I remember hearing or reading something close to this quote by Frank Chimeroa few years back, and it stuck with me ever since.
For the first few years of my career (ok, maybe the first 8 or 9?!) I was afraid that my design skills weren’t good enough. I feared not being that talented, especially when I looked around at all the other insanely talented designers.
Then I heard that quote, and I thought, “I can be thoughtful. Actually, I can be really good at being thoughtful.”
It never dawned on me that being thoughtful could actually be a supplement for talent.
So I took that spark of motivation and started intentionally being more thoughtful. I put more thought into how I presented design work, talked with clients, and how I ran my business overall. Everything I did was to be looked at through that lens—“I may not be as talented, but I can be more thoughtful.”
It then changed from being a race against others (comparing my talent to others) to a competition against myself. How thoughtful could I be in a moment, a project, or a conversation? How can I be more engaged with this client? How can I make the other person I’m talk with feel heard, accepted, and understood?

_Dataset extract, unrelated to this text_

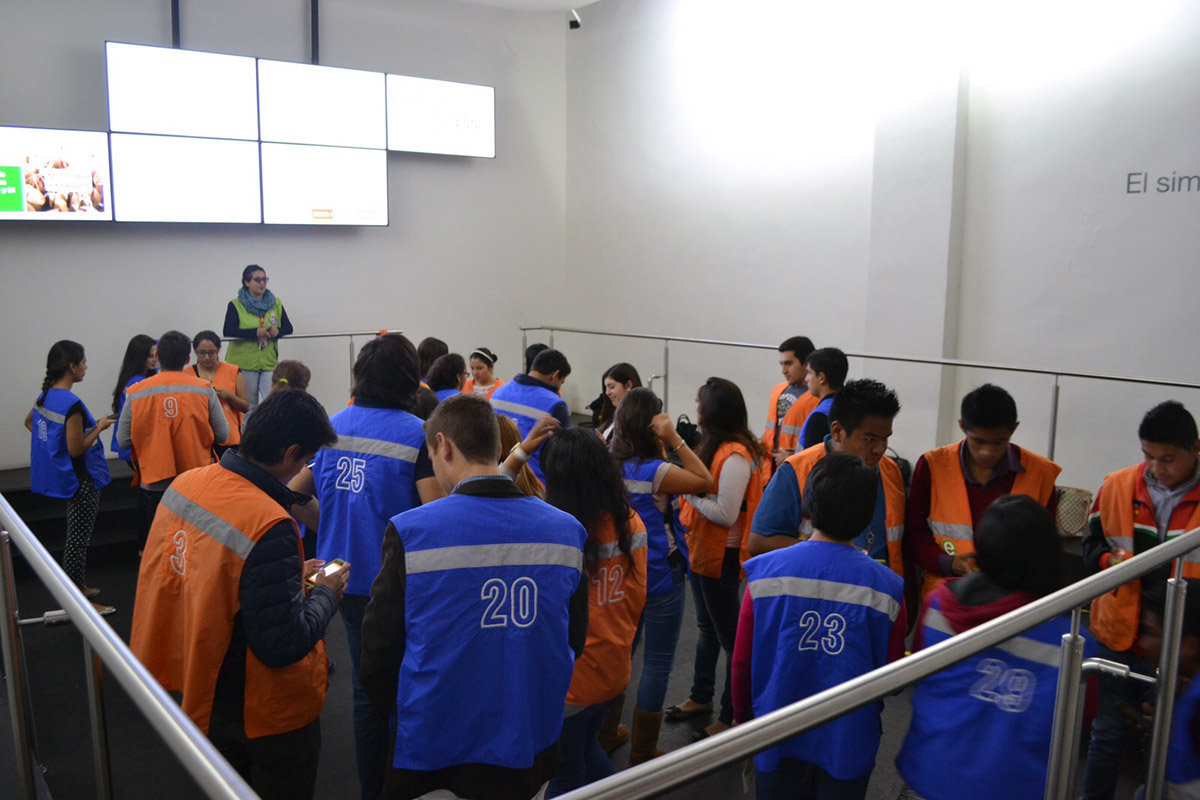 4 / 7 - Visita a Banco de México 4 / 7 - Visita a Banco de México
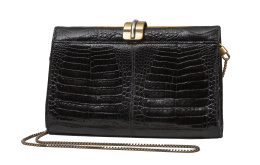 479.  Pequeño bolso vintage de noche en piel de cocodrilo color negro con cadena de oro firmado "elegance"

That quote was a massive help (and still is) in getting me out of my own selfish thoughts about whether or not I’m “good enough” and onto the whole reason why I do what I do in the first place. Focusing on myself and my talent will only lead to pride or fear, two very unbecoming traits. But thoughtfulness, well, it’s not only about being absorbed in thought (which is something I love to do) but also about being considerate of others.
Thoughtfulness allows me to stretch my creative thinking to its fullest capacity all while serving others.
Maybe that’s why brand strategy and getting paid to think appealed to me. I get paid to be thoughtful. Talk about a dream job!